Understanding those lines is essential to appreciating our federalist system, which at its core demands the careful defining of local, state and nation prerogatives. Unfortunately, the trend is away from local decisions and toward centralization. That means we are getting fewer rules based on how we want to live and more based on the arbitrary implementation of top-down power. That deserves a lot more debate than it has been getting.

Quick draw

October 27, 2008

So a teenager without a license or insurance rams into the back of a guy’s car. The teenager starts to flee the scene, and the guy takes his gun (fully permitted, and he’d been carrying for 28 years) and fires one shot into the air. The teen stops, and the guy holds him there until police arrive. Police don’t arrest the teen — they arrest the guy, for “pointing a firearm,” a Class D felony. Ten months later, a jury acquits the guy, and, under state law, he was supposed to get his gun and license back. But the state won’t give him either. The guy had pulled his gun once before, four years earlier:

According to a Noble County Sheriff’s report, Grimes was driving on County Road 400S on Jan. 17, 2004 when he was rear-ended by a vehicle driven by Carl Liggett. “Grimes advised that Liggett was instigating a fight,” the report stated. “Grimes advised that he did have a gun in his hand which he removed from the glove box. Grimes advised that he did not point the gun at Liggett.”

The prosecutor and sheriff contend, and an administrative law judge agreed, that the two incidents together prove the guy is not a reasonable person “to have a license to carry a firearm – something state law also seems to allow under certain conditions. In this case, Shelton concluded, Grimes was not justified to fire his weapon, ‘displayed an inappropriate suspicion of others’ and had ‘demonstrated a propensity for violence and emotionally unstable conduct.’ ” He pulled his gun twice in nearly 30 years of carrying, and no one was hurt either time, and that demonstrates a “propensity for violence”? In both incidents, he was rammed from behind, and in one case the other driver was fleeing the scene, and that means “inappropriate suspicion of others”?

We all need to be reasonable about guns and the efforts to keep them out of the hands of those who shouldn’t have them. But on the surface, this seems awfully thin. Maybe the sheriff and prosecutor know more about this man than they’re saying — like he’s a well-known hothead or something, If you have to spend $20,000 (the guy’s legal bills so far) when you exercise a right, it isn’t much of a right.

One down, 364 to go

October 27, 2008

I guess this is supposed to be reassuring for parents:

Paroled sex offenders in the Evansville area – and across Indiana – will be required to attend a meeting during trick-or-treat hours on Halloween.

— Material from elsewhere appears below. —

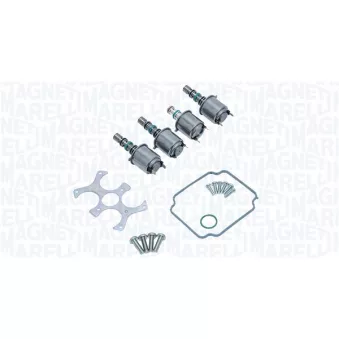 Unité de soupapes, groupe hydraulique-transmautomat MAGNETI MARELLI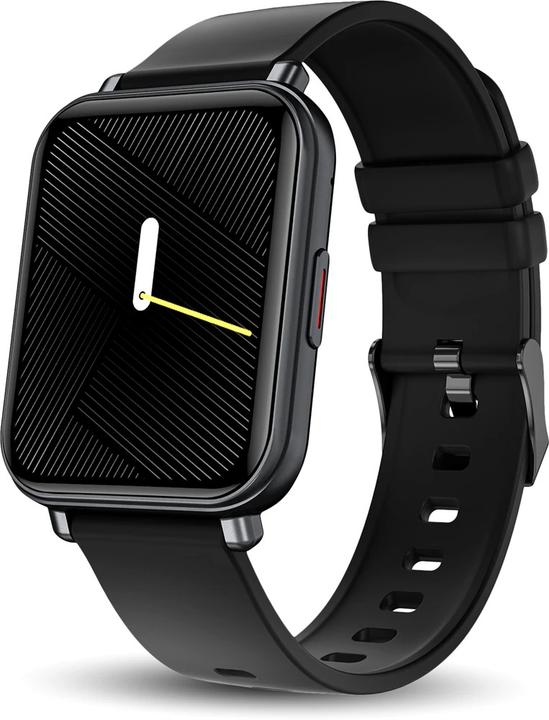 Niceboy WATCH 4 Carbon black / Smartwatch / 1,78" AMOLED / IP67 / BT 5.3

Dubbed Operation Safe Halloween, the Indiana Department of Correction is requiring sex offenders to attend the meeting to “remove them from the community streets during this traditional children’s activity,” according to a news release.

There have been so many warnings about the dangers of Halloween that it’s probably the one night when kids are the most supervised and watched-out for. So we get the perverts off the streets for this one night instead of the other 364. Sort of like spending hundreds of millions so airport screeners can make our lives miserable while the terrorists are already on to their next tactic.